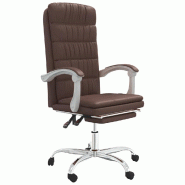 Helloshop26 - Chaise fauteuil siège pivotante de inclinable de bureau informatique étude similicuir brun 02_0024255 - métal 3000215336656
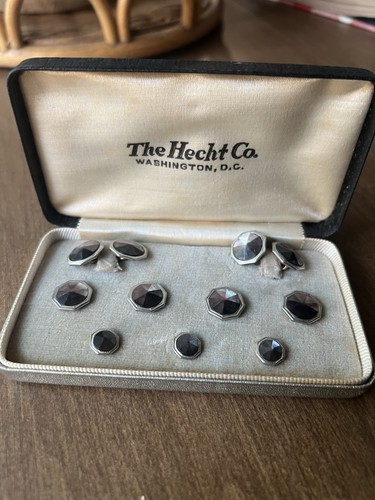 Vintage Art Deco Tuxedo Set Abalone Gold Plate Cuff Links Shirt Studs In Box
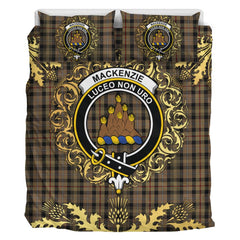 MacKenzie Hunting Tartan Crest Bedding Set - Golden Thistle Style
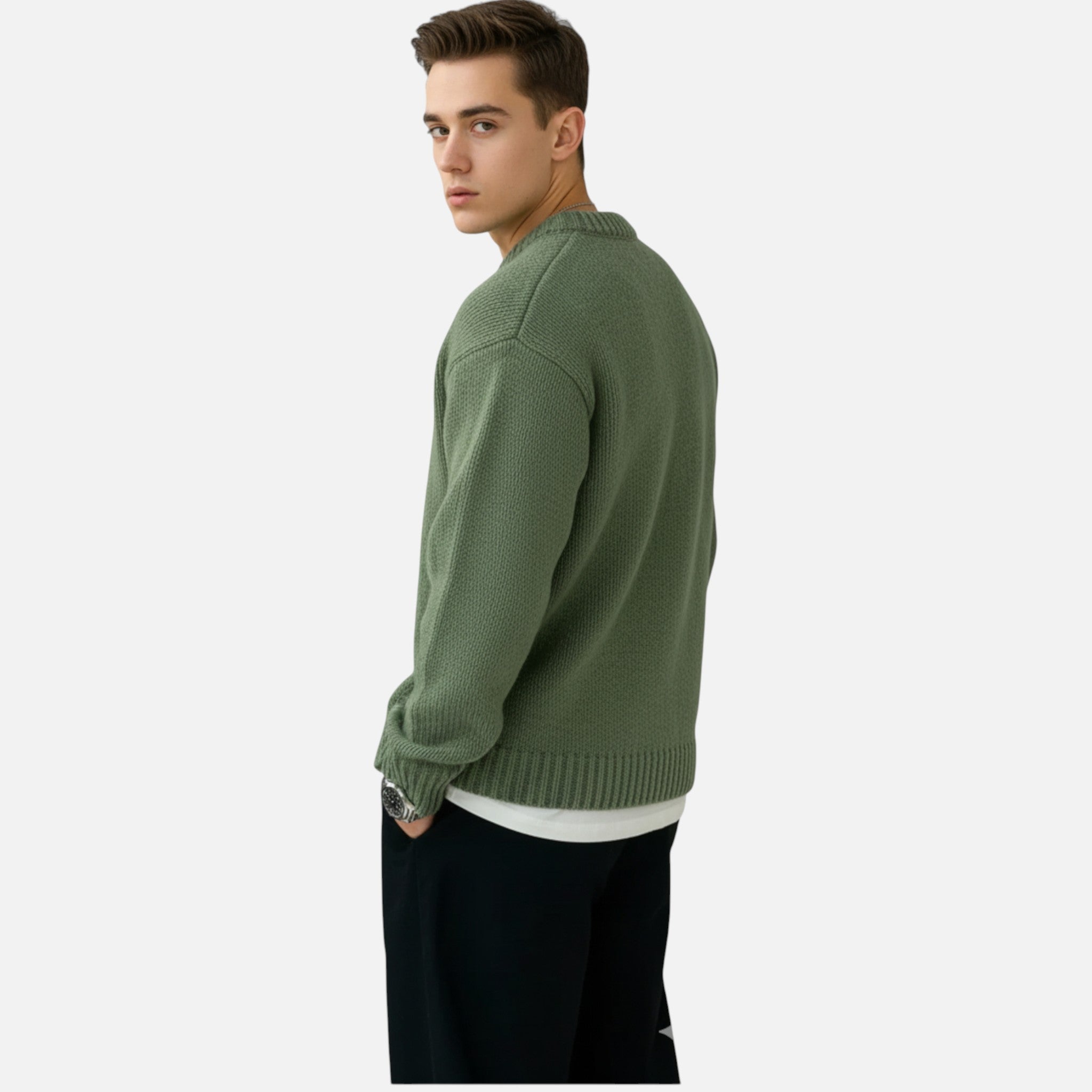 Valmonti | Men’s Solid Crew Neck Pullover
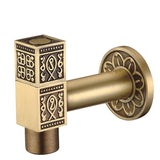 Antique Brass Carved Garden Faucets, Outdoor Washing Machine Decorative Luxury Toilet Nozzles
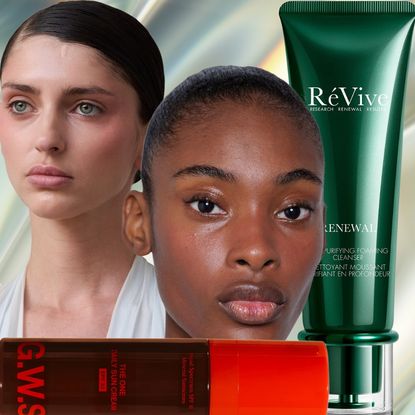 collage of models with clear skin next to skincare products like cleanser, moisturizer and a sunscreen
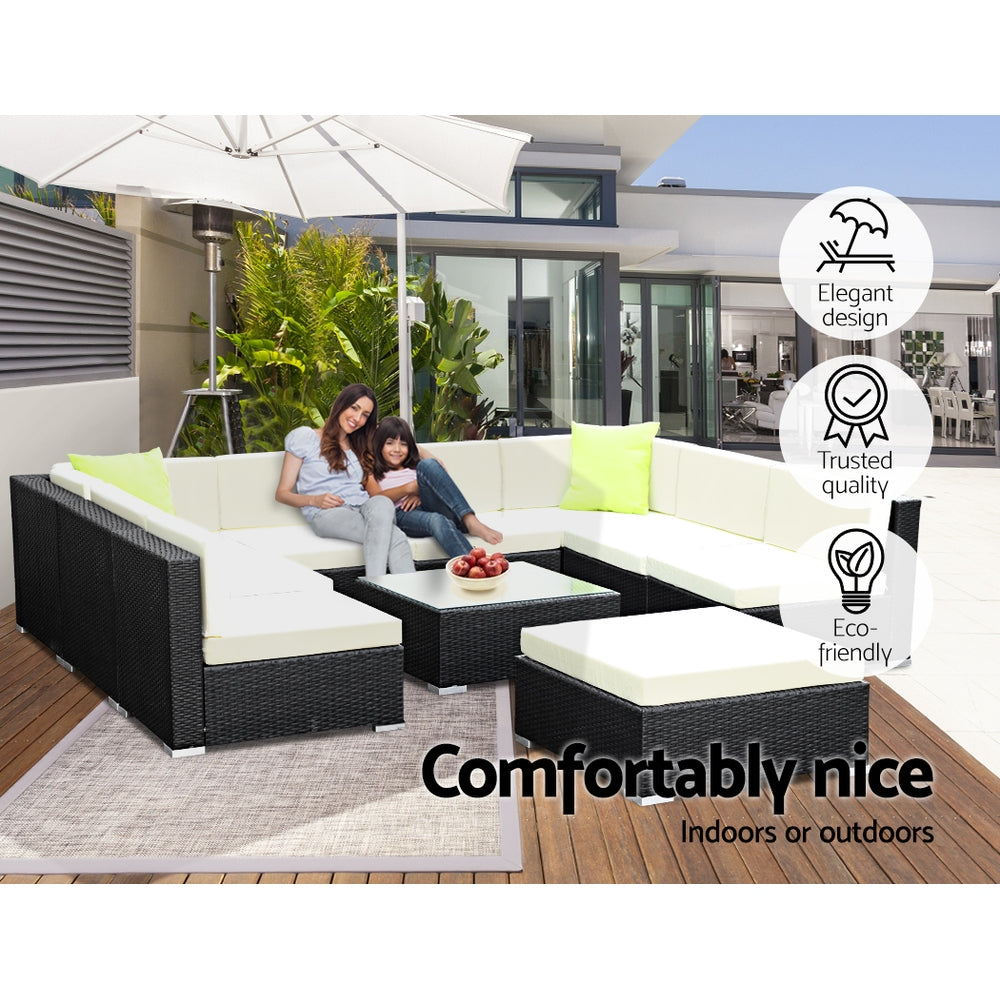 Gardeon 9-Seater Outdoor Lounge Set Wicker Sofa Black Beige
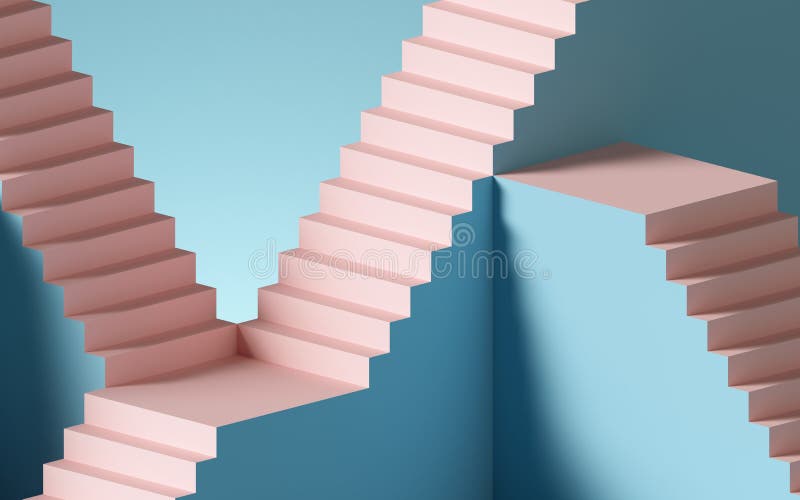 3d rendering, sfondo astratto con passi e scale, in colori rosa e blu pastello Elementi di progettazione architettonica illustrazione di stock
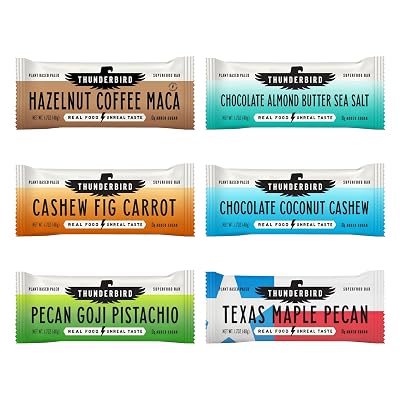 Thunderbird Real Food Bars - Gluten Free, Paleo, Vegan Snack Food Bar Variety Pack - 102 Ounce
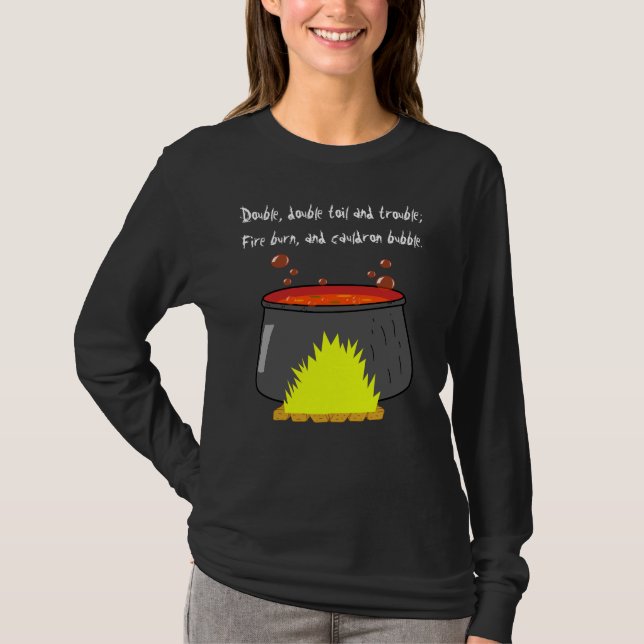 Halloween Cauldron Kvinnors Långärmad T- Shirt T (Framsida)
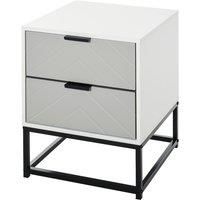 Bedside Cabinet Nightstand 2 Drawer Unit Storage and Metal Base for Home Office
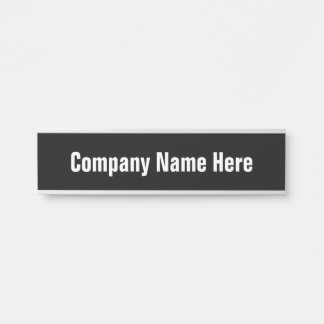 Business Name Black and White Text Template Door Sign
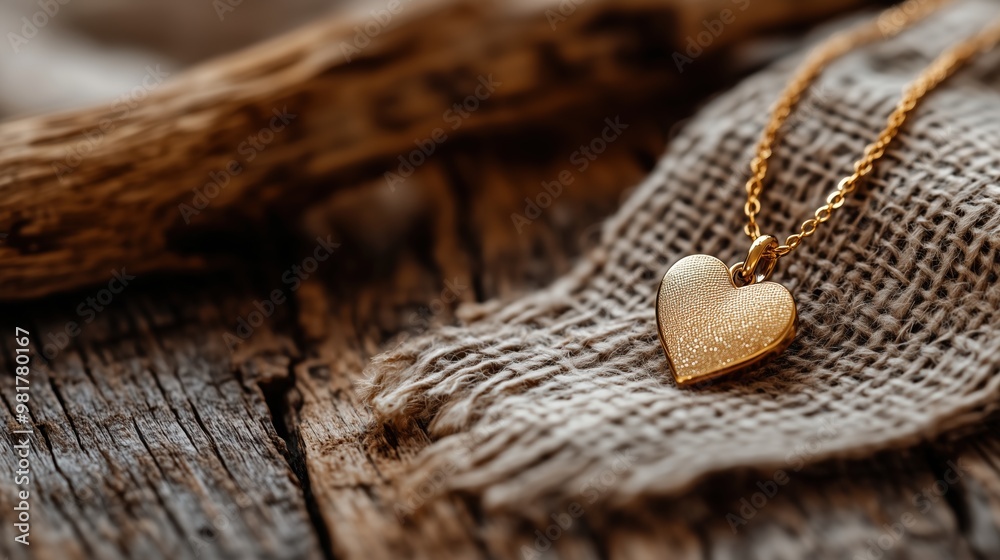 Elegant gold heart pendant on rustic burlap surface for jewelry design and valentine's day gifts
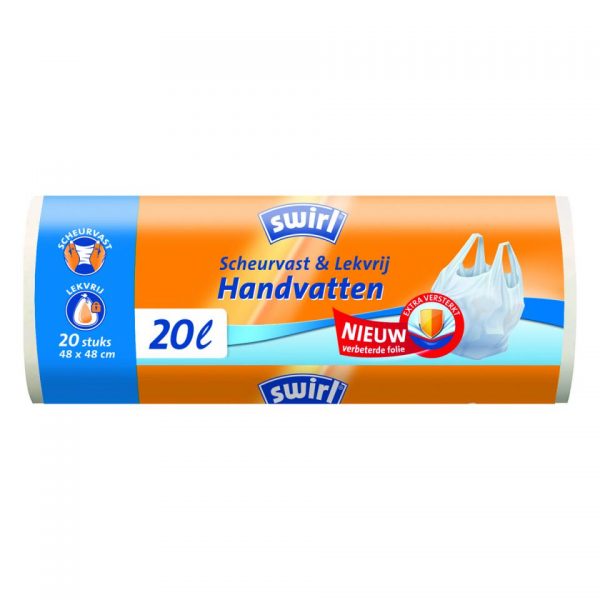 Swirl pedaalemmerzakken - scheurvast & lekvrij - met handvatten - 20 liter - 20 stuks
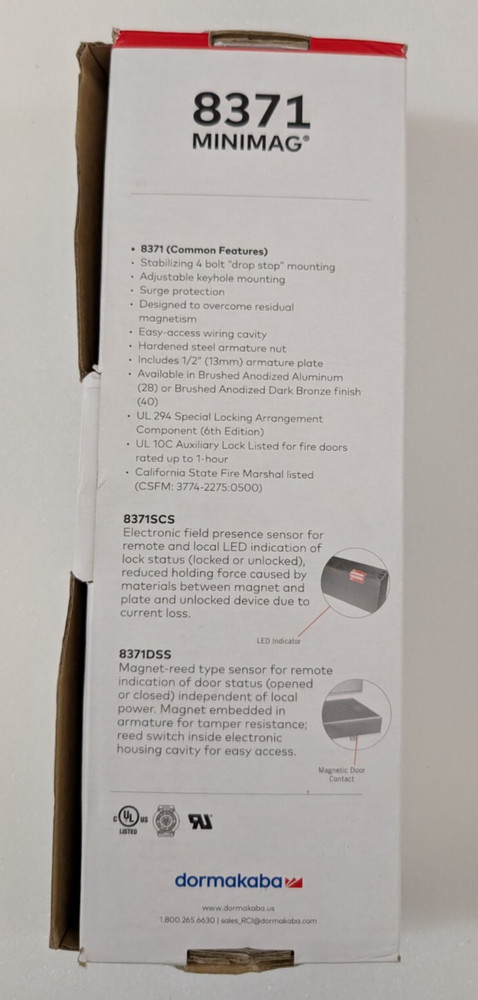 Dormakaba RCI 8371 Surface MiniMag Electromagnetic Lock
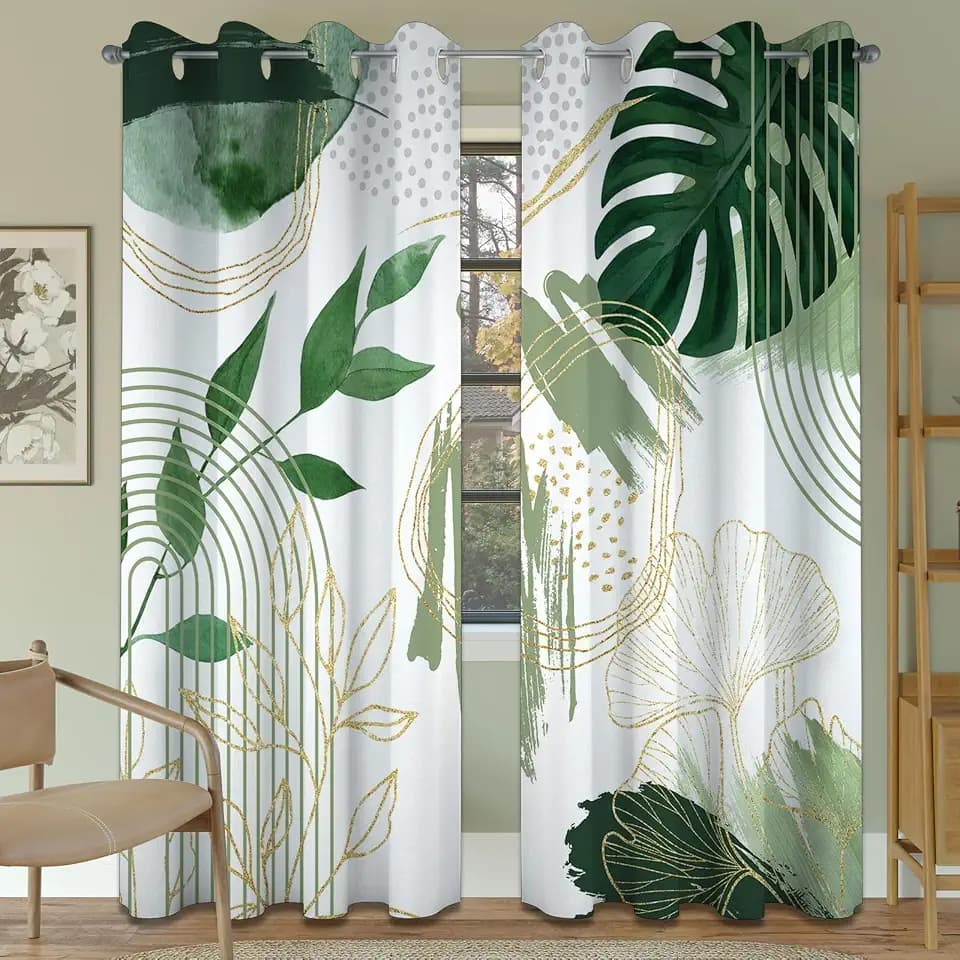 Sage Green Blackout Curtains, Boho Drapes 84 inches Length, 2 Panels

-=-=-

**What is being asked**
Using the entries above, repeat exactly the lines from the one with "3d rendering, sfondo" to the one with "Thunderbird Real Food", both included, and leave the pictures behind.

**Task output**
 3d rendering, sfondo astratto con passi e scale, in colori rosa e blu pastello Elementi di progettazione architettonica illustrazione di stock
 Thunderbird Real Food Bars - Gluten Free, Paleo, Vegan Snack Food Bar Variety Pack - 102 Ounce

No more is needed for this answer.